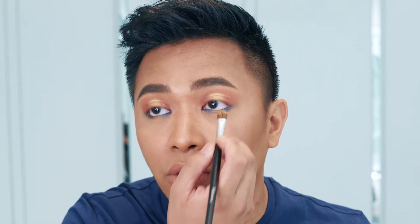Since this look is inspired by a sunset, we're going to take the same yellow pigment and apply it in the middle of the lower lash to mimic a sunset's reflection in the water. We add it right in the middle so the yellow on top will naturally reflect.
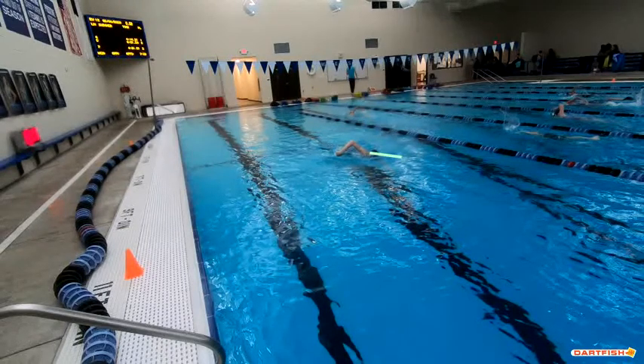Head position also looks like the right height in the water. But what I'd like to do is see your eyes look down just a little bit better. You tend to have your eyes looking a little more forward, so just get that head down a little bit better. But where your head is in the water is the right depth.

---

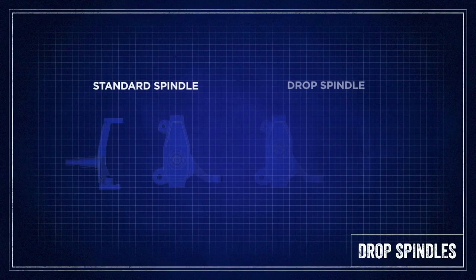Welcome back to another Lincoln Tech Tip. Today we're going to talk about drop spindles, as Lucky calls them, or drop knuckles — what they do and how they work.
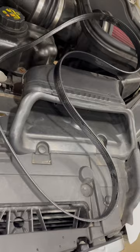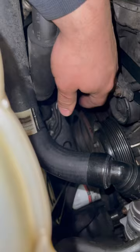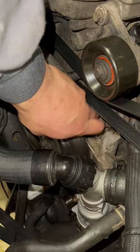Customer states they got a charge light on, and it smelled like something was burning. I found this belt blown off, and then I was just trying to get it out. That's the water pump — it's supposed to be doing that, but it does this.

* * *

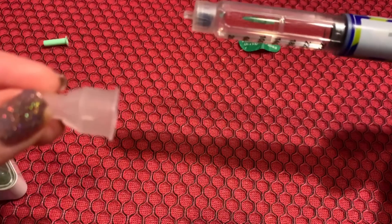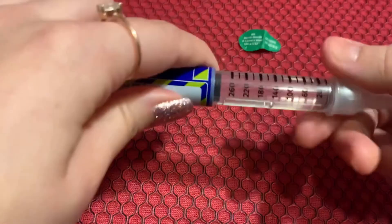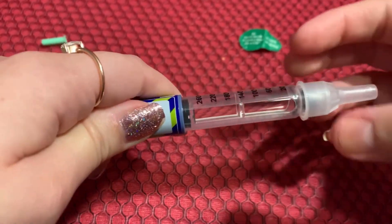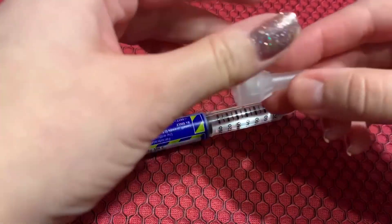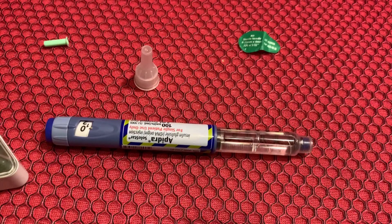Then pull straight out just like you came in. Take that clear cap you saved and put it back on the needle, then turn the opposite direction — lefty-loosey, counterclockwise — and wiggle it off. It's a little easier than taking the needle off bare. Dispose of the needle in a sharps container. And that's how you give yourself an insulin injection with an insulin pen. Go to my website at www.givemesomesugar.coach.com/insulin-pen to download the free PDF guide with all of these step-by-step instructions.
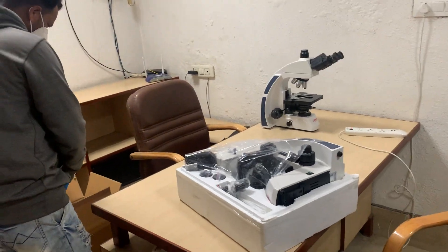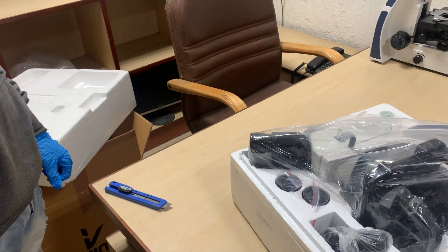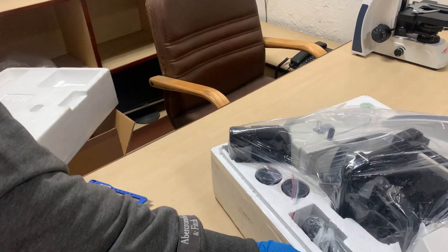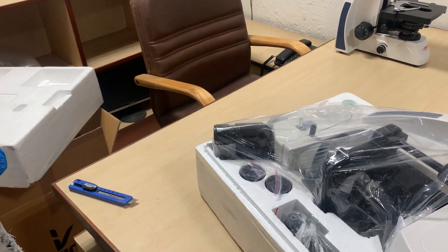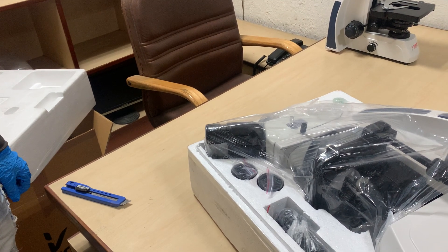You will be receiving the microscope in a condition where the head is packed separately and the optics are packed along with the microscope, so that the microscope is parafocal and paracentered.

▶ Your assignment:
Only the lines starting at the one that includes "Since this look" and ending at the one that includes "Head position also" should be retyped, exactly, from the records above; no pictures.

▶ Result of the task:
Since this look is inspired by a sunset, we're going to take the same yellow pigment and apply it in the middle of the lower lash to mimic a sunset's reflection in the water. We add it right in the middle so the yellow on top will naturally reflect.
Head position also looks like the right height in the water. But what I'd like to do is see your eyes look down just a little bit better. You tend to have your eyes looking a little more forward, so just get that head down a little bit better. But where your head is in the water is the right depth.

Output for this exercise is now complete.